Pictures with short captions:

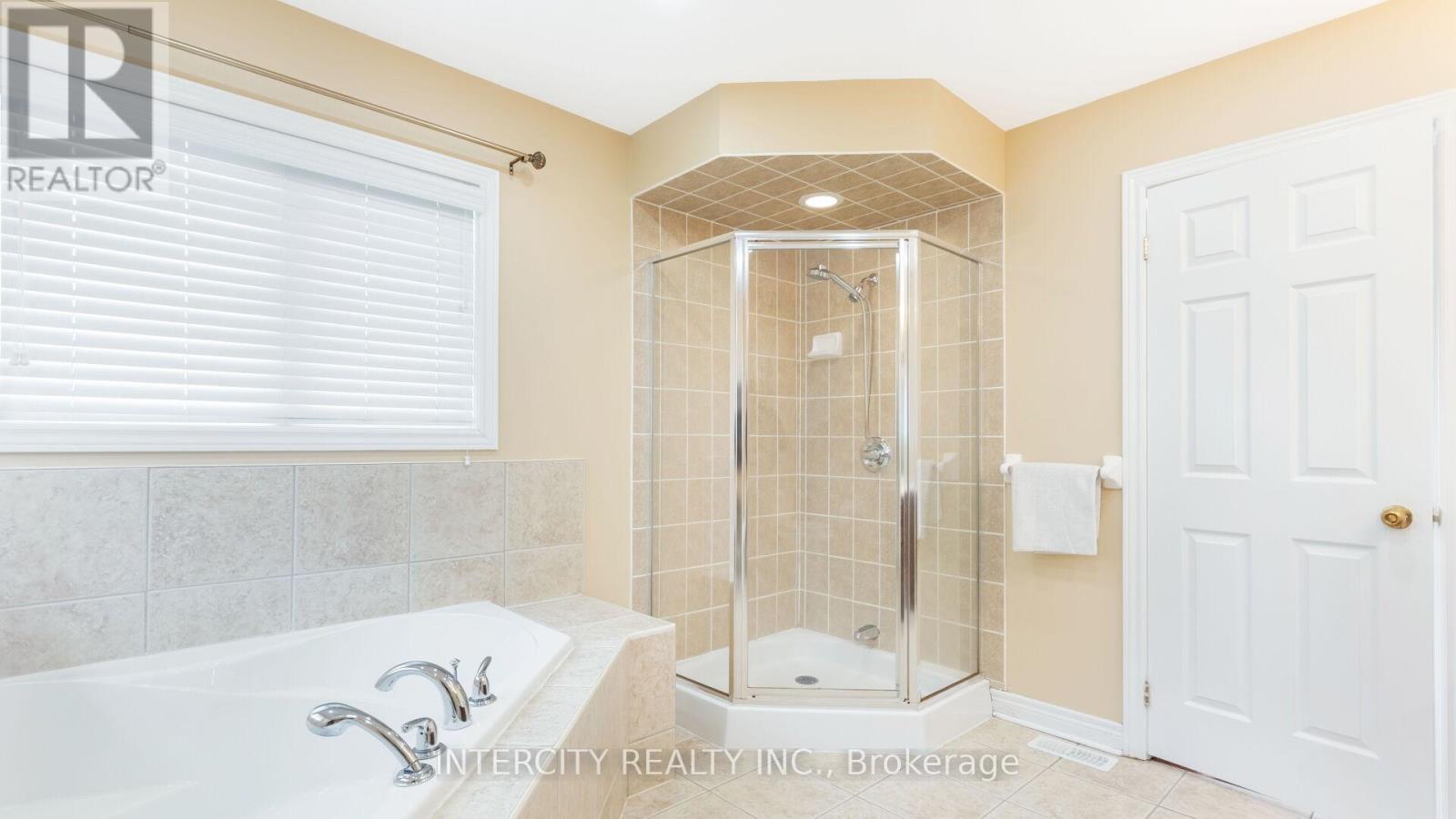 16 Venice Gate Drive, Vaughan, Ontario  L4H 0E7 - Photo 26 - N12186557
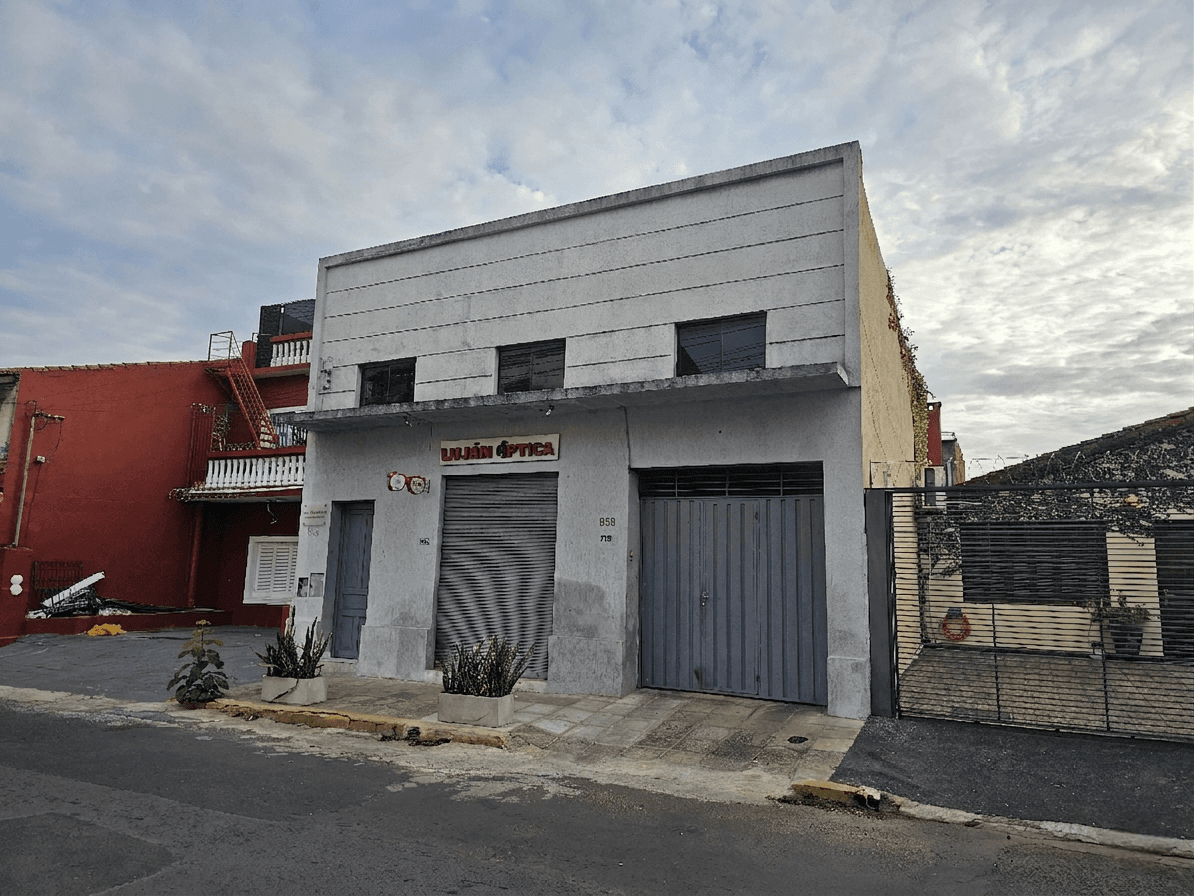 vendo residencia con local comercial en el centro de Asunción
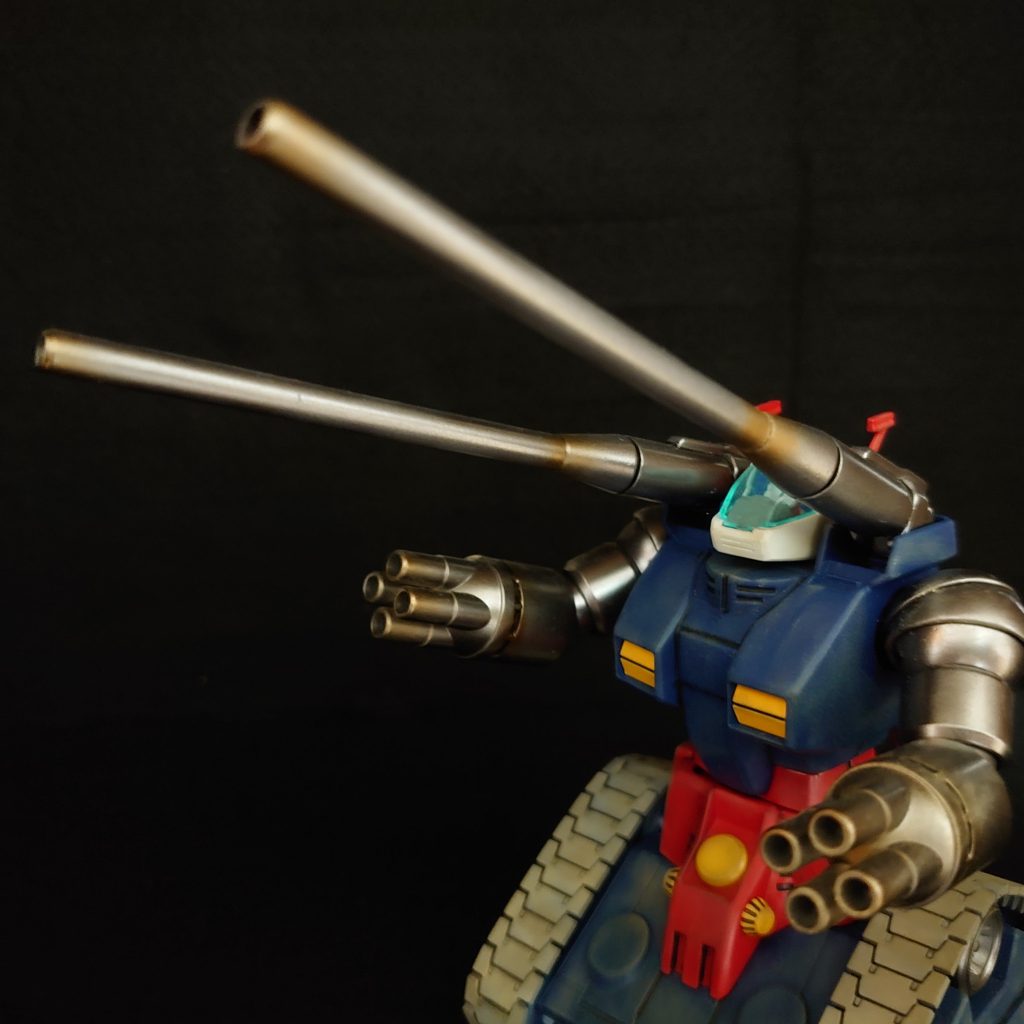 黒やブラウンでドライブラシ薄くかける等、別の色合いを追加して情報増やしても良かったかなと。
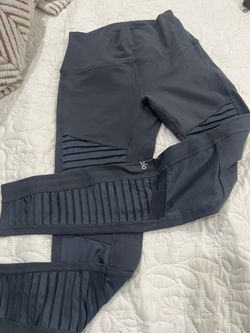Alo Yoga Moto Leggings grey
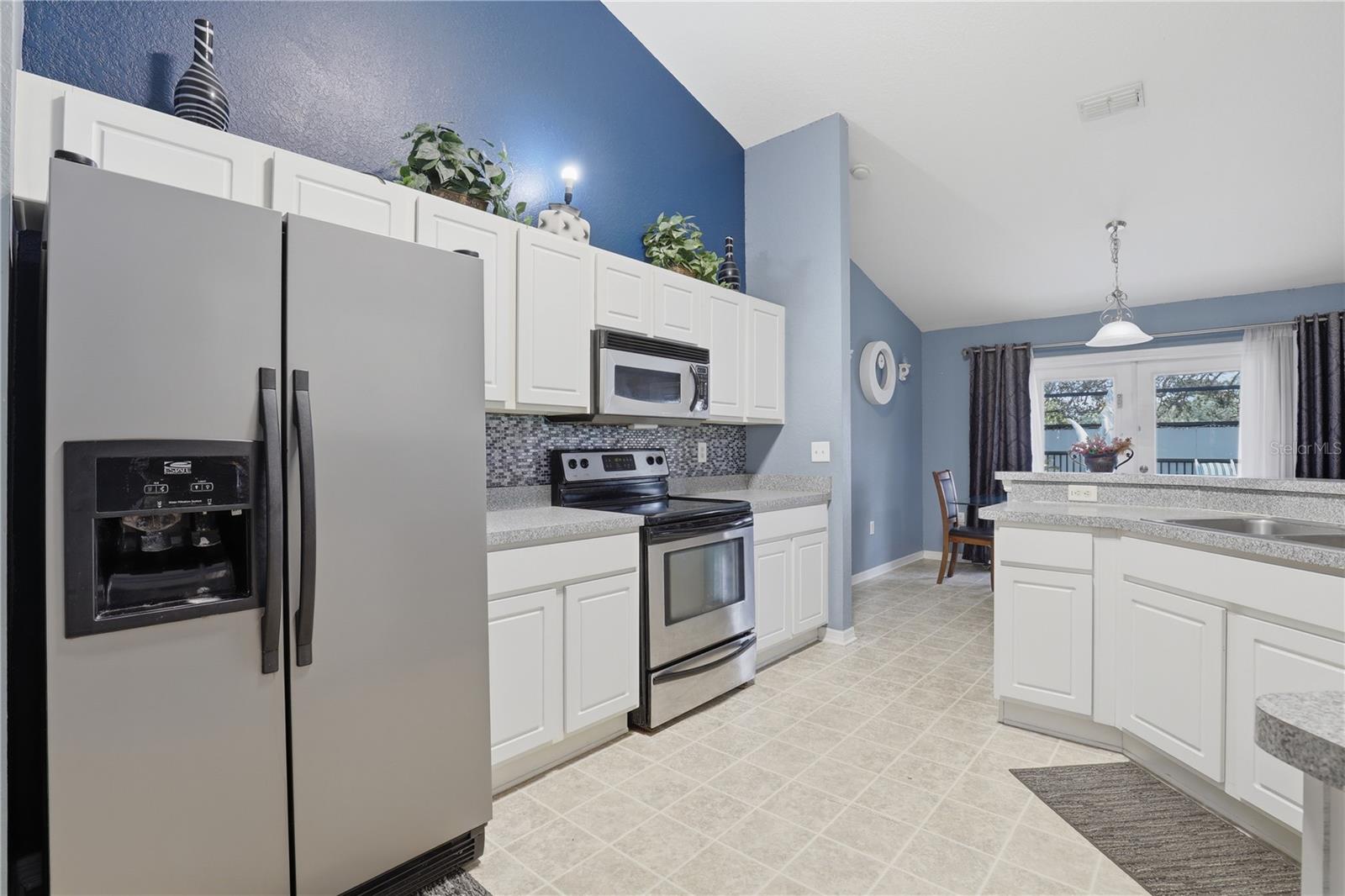 SPRING HILL - Residential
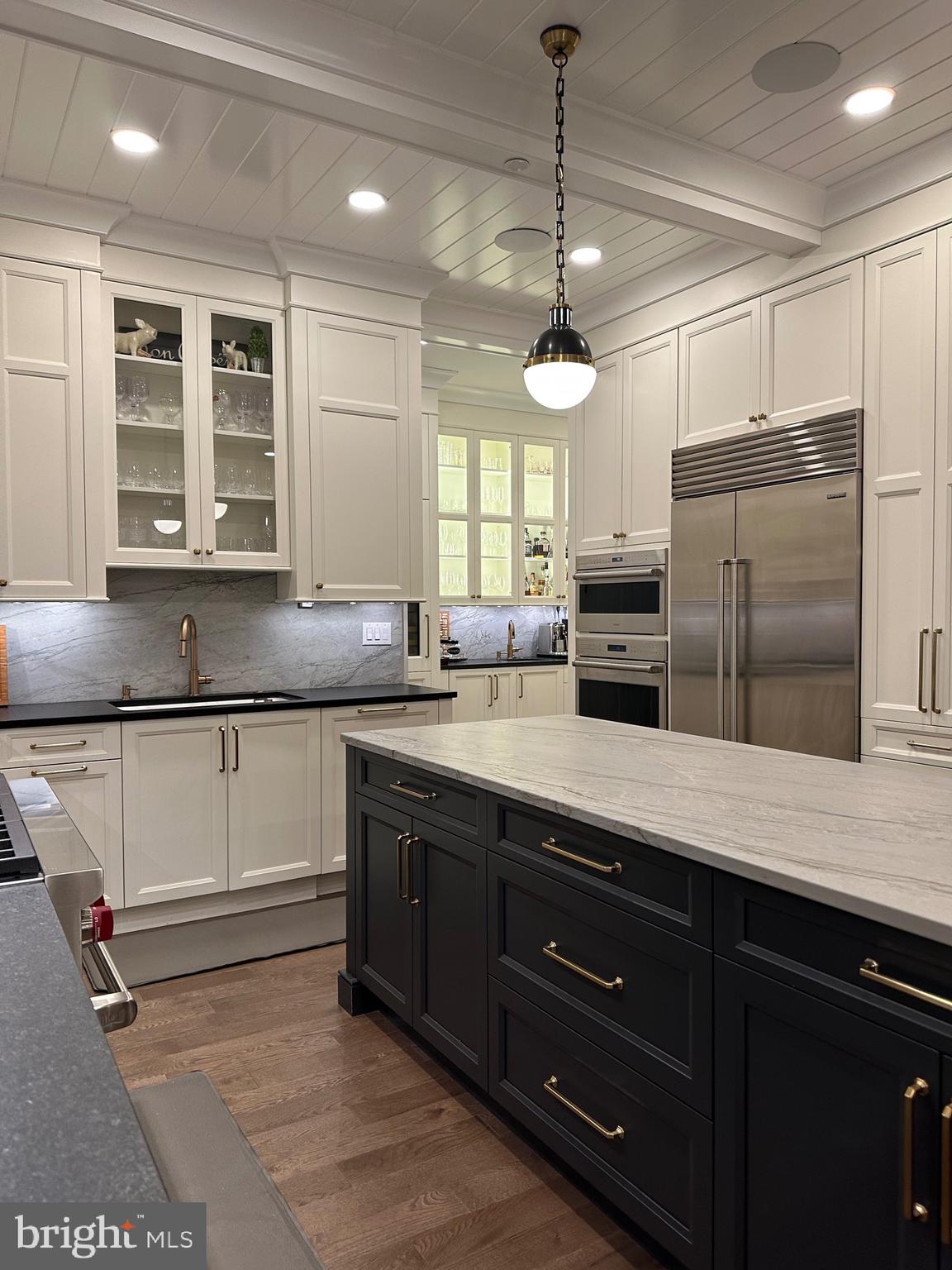 RABBIT RUN CREEK - Residential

== ABOUT THIS TASK ==
In the records above, find the line containing "SPRING HILL - Residential" and output every line from the first through that one, exactly, omitting pictures.

== SOLVED PROBLEM ==
 16 Venice Gate Drive, Vaughan, Ontario  L4H 0E7 - Photo 26 - N12186557
 vendo residencia con local comercial en el centro de Asunción
 黒やブラウンでドライブラシ薄くかける等、別の色合いを追加して情報増やしても良かったかなと。
Alo Yoga Moto Leggings grey
 SPRING HILL - Residential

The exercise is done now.